Hence is the command upon every Sadhaka of the Integral Yoga to overcome all attachment to life in the body and renounce "the repulsion to the death of the body which is so strong and vehement an instinct of the vital man.... Thrown away it must be and entirely. The fear of death and the aversion to bodily cessation are the stigma left by his animal origin on the human being. That brand must be utterly effaced." 2


And, so far as the fear of death is concerned, the Mother's injunction is equally categorical. For, as She says, "one can conquer that alone which one fears not, and he who fears death has already been conquered by Death." 3


As a matter of fact, in one of Her articles She has luminously analysed the source and nature of this general fear of death and recommended a number of methods for effectively combating and finally conquering this burdensome complex.

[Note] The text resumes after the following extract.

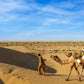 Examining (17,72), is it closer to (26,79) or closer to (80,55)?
(26,79)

To quote Her own words: "Generally speaking, the greatest obstacle perhaps that hinders man's progress is fear, a fear varied, numberless, self-contradictory, illogical, unreasonable and often irrational. Of all kinds of fear the most subtle and the most clinging is that of death.


1 Letters on Yoga, p. 1234.

2 Sri Aurobindo, The Synthesis of Yoga, p. 334.

3 The Mother, "The Fear of Death and the Four Methods of Conquering It", in Bulletin of Physical Education, Vol. VI, No. 1, p. 65.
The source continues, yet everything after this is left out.